Stored data:

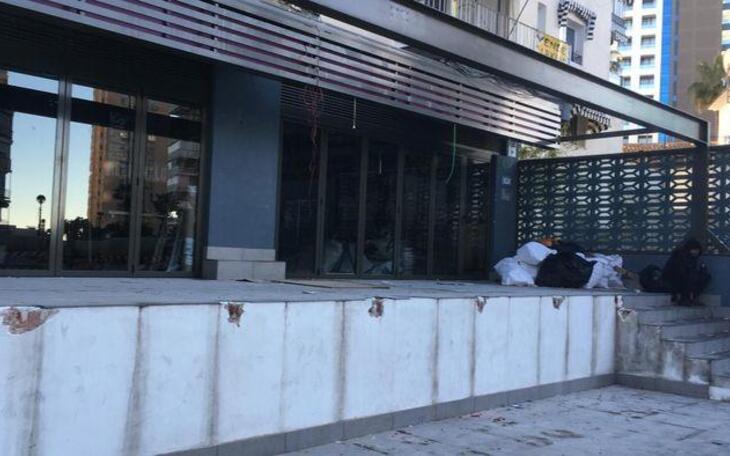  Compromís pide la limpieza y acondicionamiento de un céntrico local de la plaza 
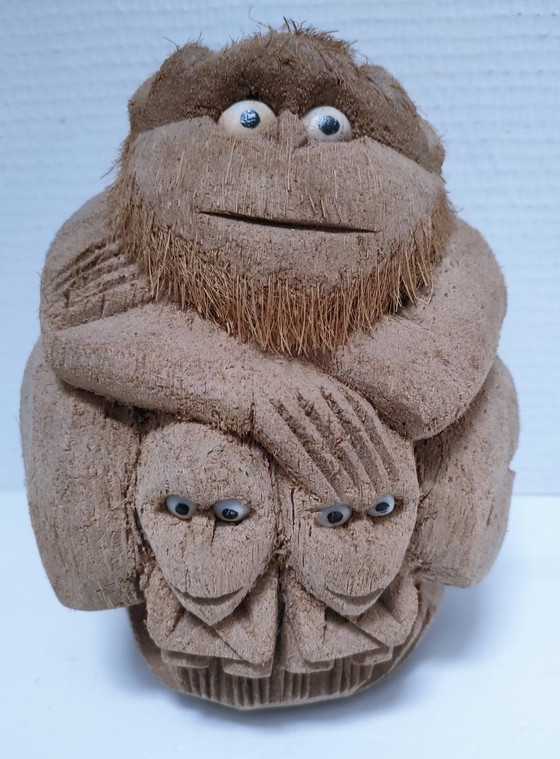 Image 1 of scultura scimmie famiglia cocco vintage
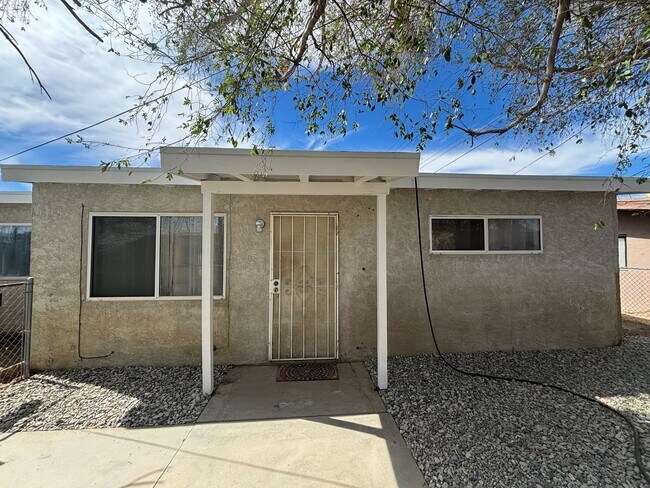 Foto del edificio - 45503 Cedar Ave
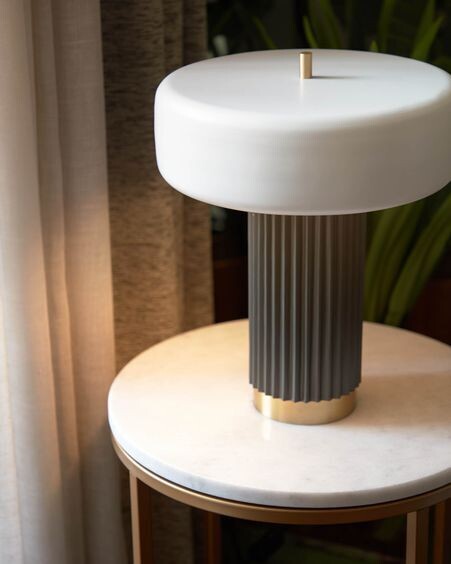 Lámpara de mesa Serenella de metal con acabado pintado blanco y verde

Assignment:
From the first line to the last, write out the data exactly, dropping any pictures.

Expected answer:
  Compromís pide la limpieza y acondicionamiento de un céntrico local de la plaza 
 Image 1 of scultura scimmie famiglia cocco vintage
 Foto del edificio - 45503 Cedar Ave
 Lámpara de mesa Serenella de metal con acabado pintado blanco y verde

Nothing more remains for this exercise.